> _Directions_
Write out only the lines from the top of the listing below through the one with "Applique murale cage", exactly as they stand, while keeping pictures out of the copy.

*** Begin section ***

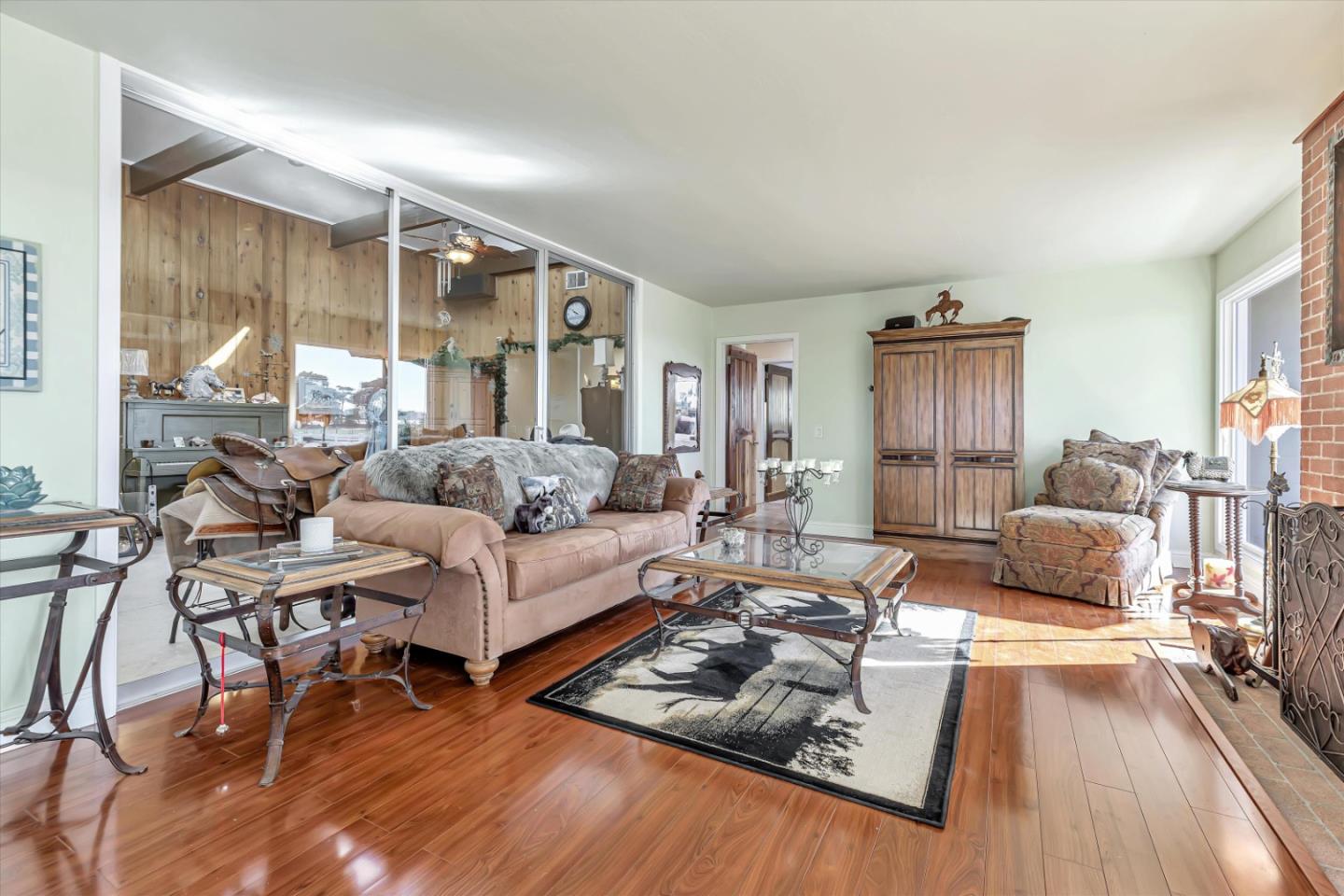 Detail Gallery Image 9 of 58 For 268 Giberson Rd, Moss Landing,  CA 95039 - 5 Beds | 4 Baths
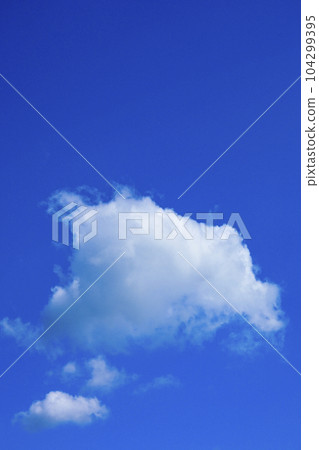 藍天和白色雲彩 104299395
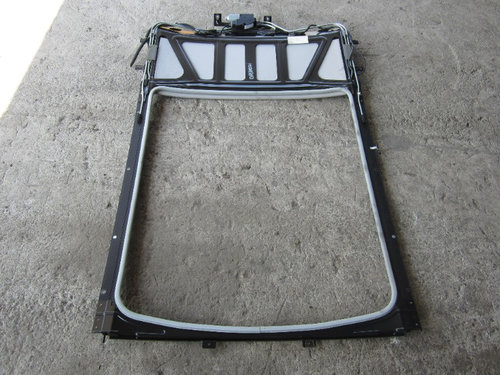RAMA PLAFON / TRAPA PANORAMIC CU MOTORAS NISSAN QASHQAI J10 FAB. 2006 - 2013 ⭐⭐⭐⭐⭐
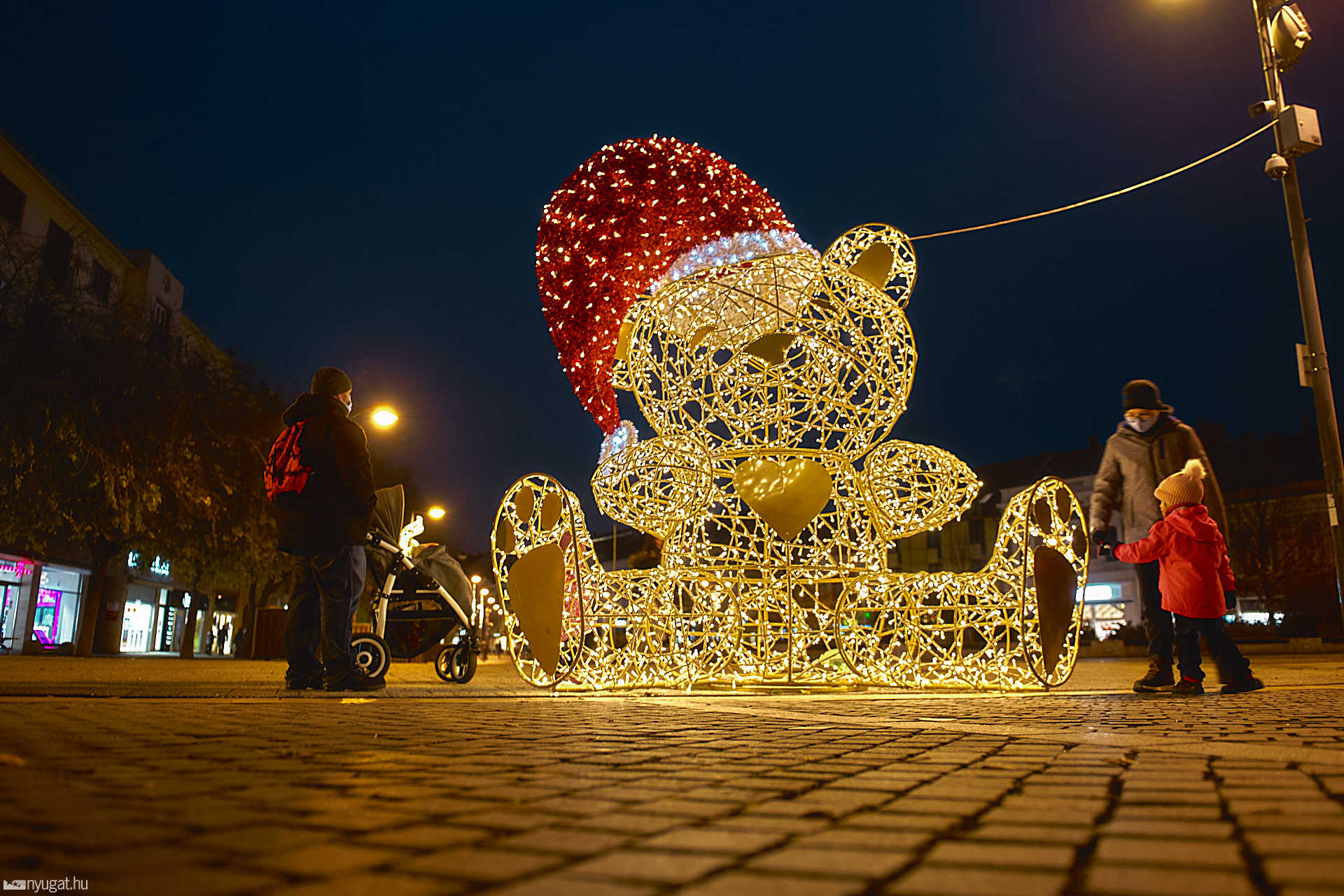 Karácsonyi díszítés a Főtéren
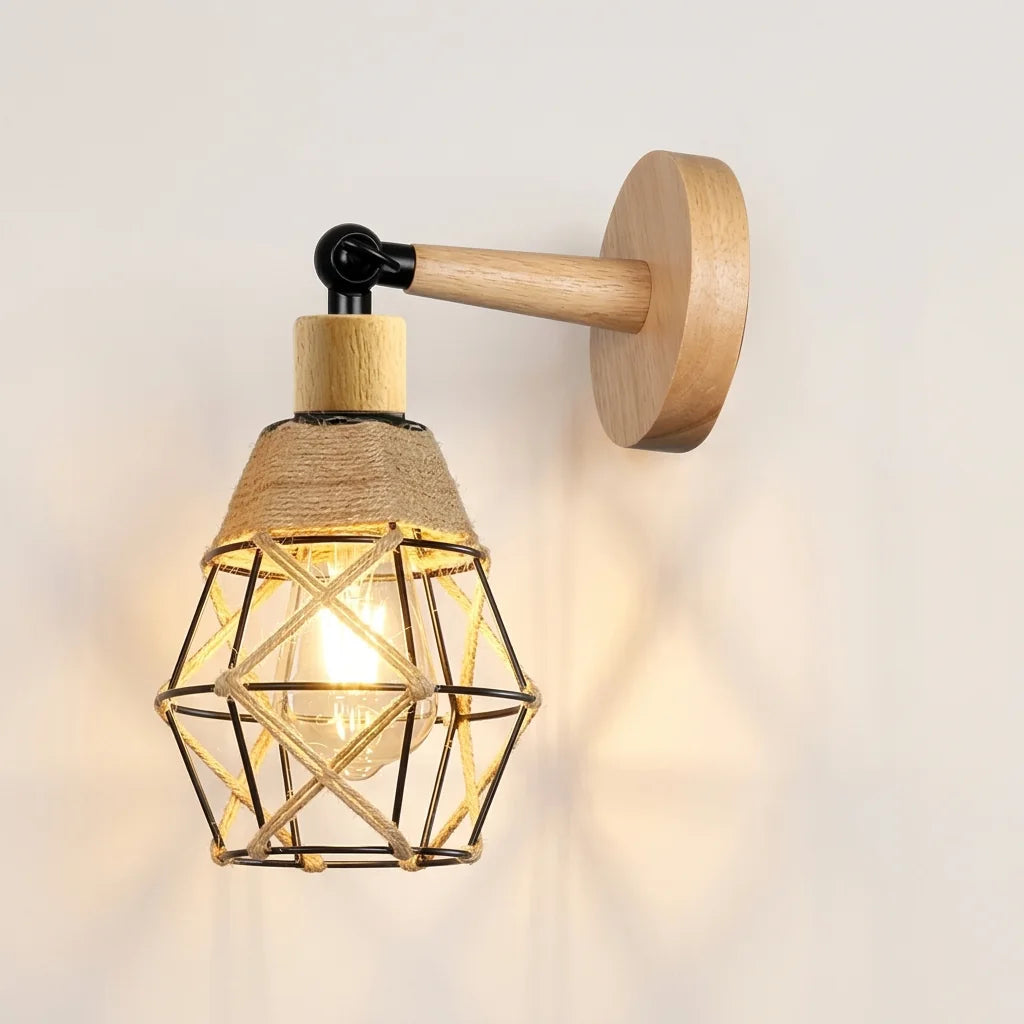 Applique murale cage en fer et corde de chanvre avec bras en bois, allumée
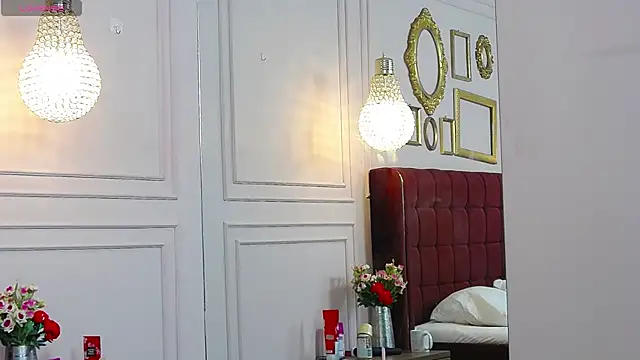 kittykelly online show from December 14, 2025, 9:15 am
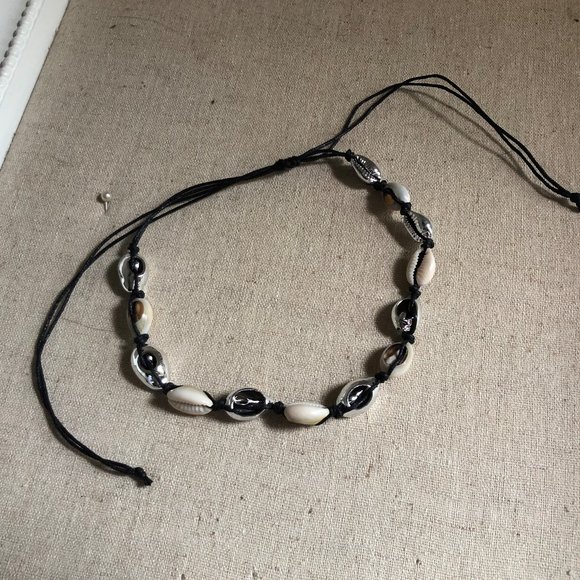 ASOS Retro 90s Paua Abalone shell Choker necklace - Picture 3 of 7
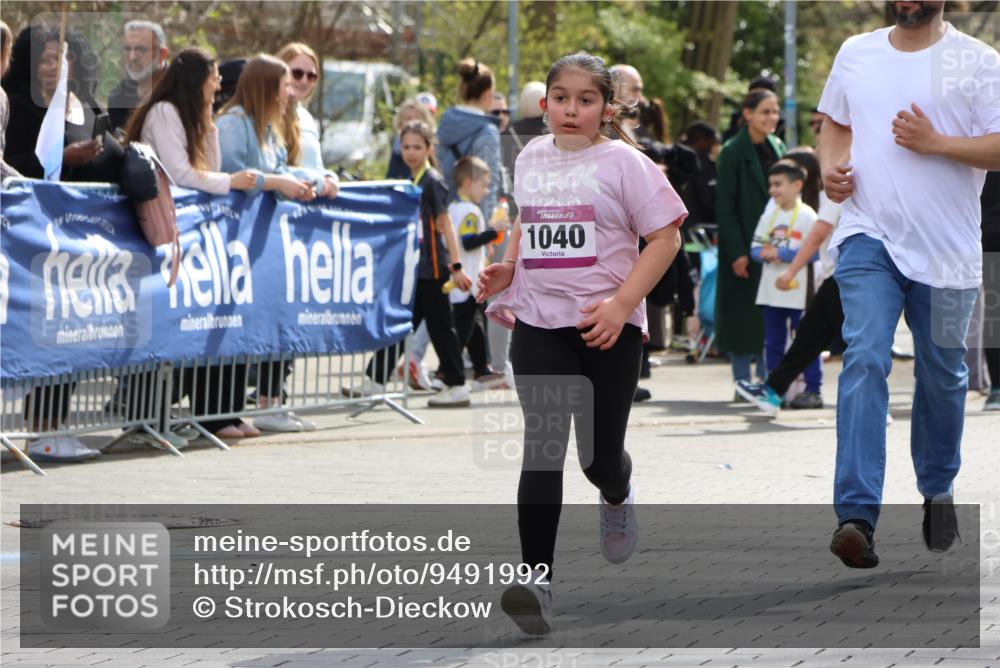12.04.2026 - 45. Internationalen Wilhelmsburger Insellauf Strokosch-Dieckow http://msf.ph/oto/9491992 12.04.2026 14:52:55 Ziel 1040, 509 meine-sportfotos.de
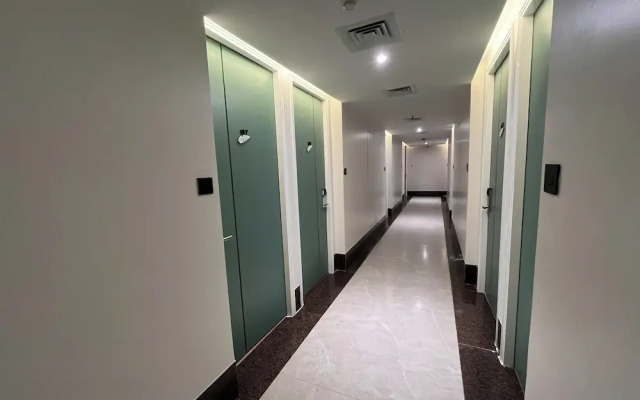 Esquire Hotel Mumbai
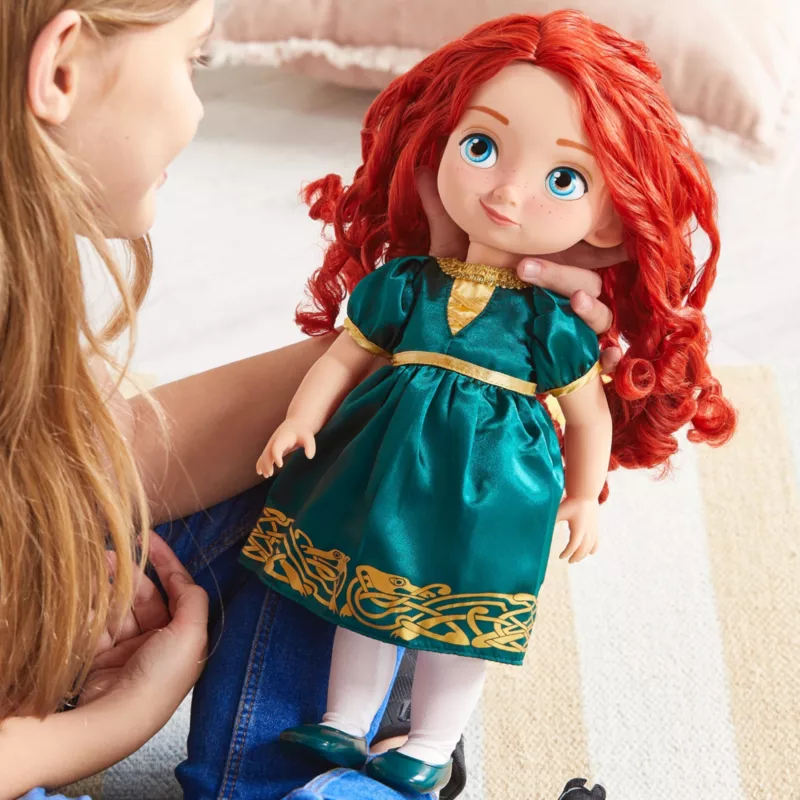 Disney Store Merida Animator Doll, Brave 4 Disney Store Merida Animator Doll, Brave - Image 2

*** End section ***

> _Exercise answer_
 Detail Gallery Image 9 of 58 For 268 Giberson Rd, Moss Landing,  CA 95039 - 5 Beds | 4 Baths
 藍天和白色雲彩 104299395
RAMA PLAFON / TRAPA PANORAMIC CU MOTORAS NISSAN QASHQAI J10 FAB. 2006 - 2013 ⭐⭐⭐⭐⭐
 Karácsonyi díszítés a Főtéren
 Applique murale cage en fer et corde de chanvre avec bras en bois, allumée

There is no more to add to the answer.